What is needed is an exact reproduction of the lines in the records below, starting at the line with "MESHUGGAH - CATCH 33" and ending at the line with "双(3-巯基丙酸)乙二醇,ETHYLENE GLYCOL BIS(3-MERCAPTOPROPIONATE)", both included, and nothing else; pictures stay out.

=== DATA FOR ANALYSIS ===
****************
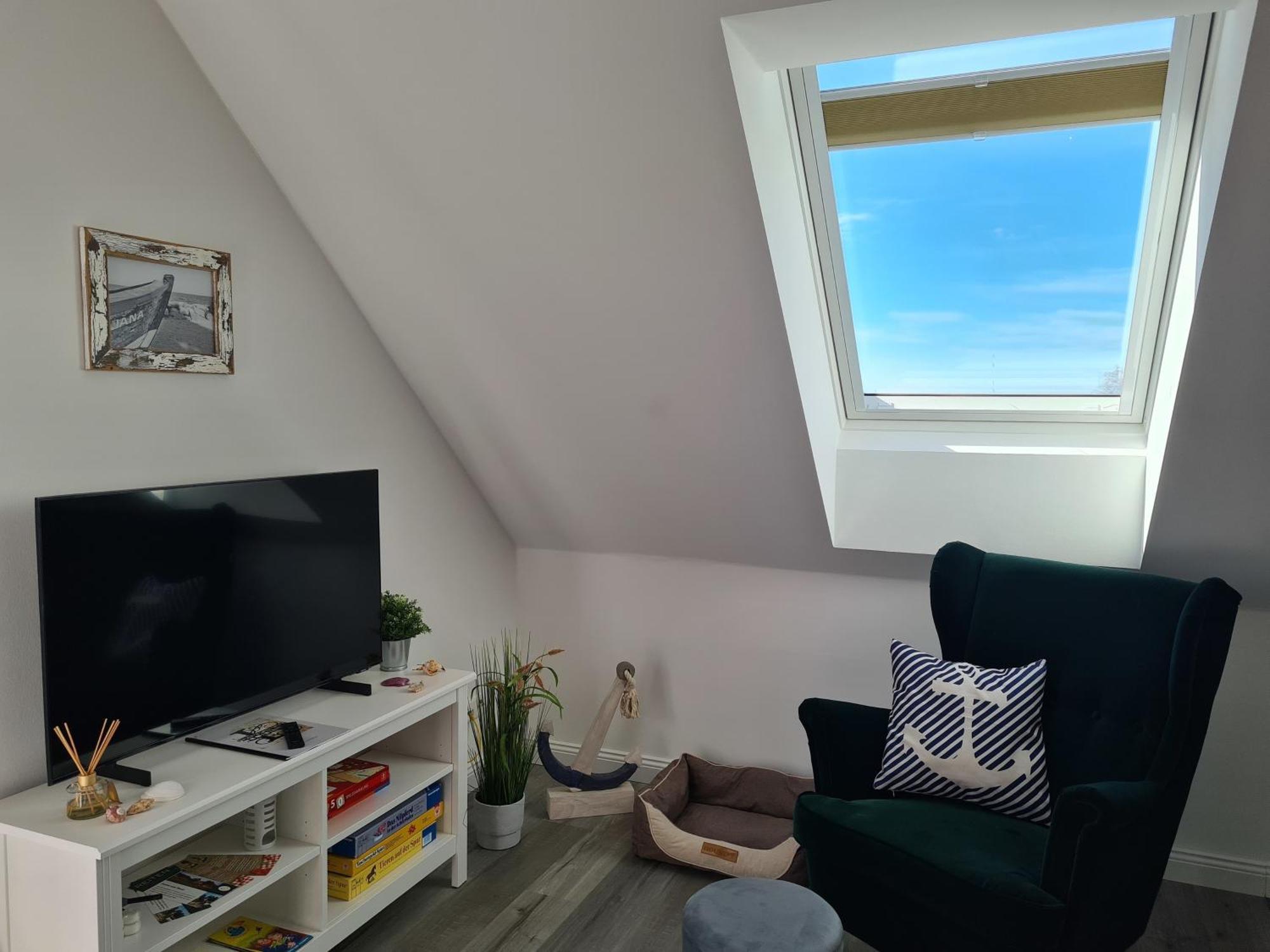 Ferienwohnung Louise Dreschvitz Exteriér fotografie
****************
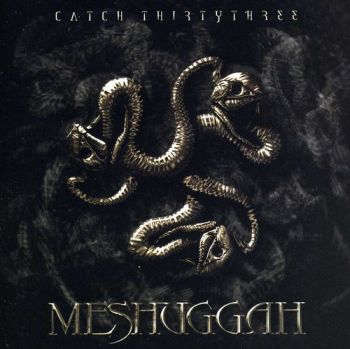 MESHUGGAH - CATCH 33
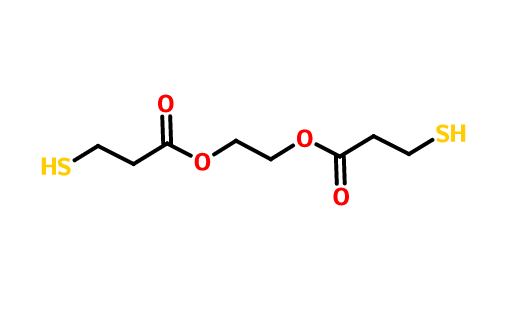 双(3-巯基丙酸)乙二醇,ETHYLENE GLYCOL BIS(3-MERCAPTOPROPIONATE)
****************
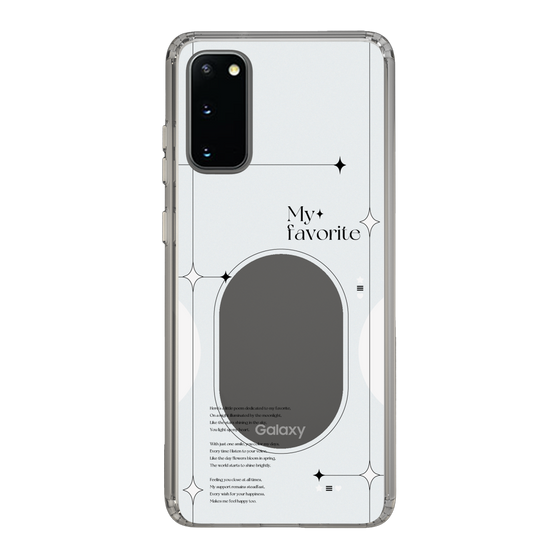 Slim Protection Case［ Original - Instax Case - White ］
****************
=== ANSWER SPACE ===
 MESHUGGAH - CATCH 33
 双(3-巯基丙酸)乙二醇,ETHYLENE GLYCOL BIS(3-MERCAPTOPROPIONATE)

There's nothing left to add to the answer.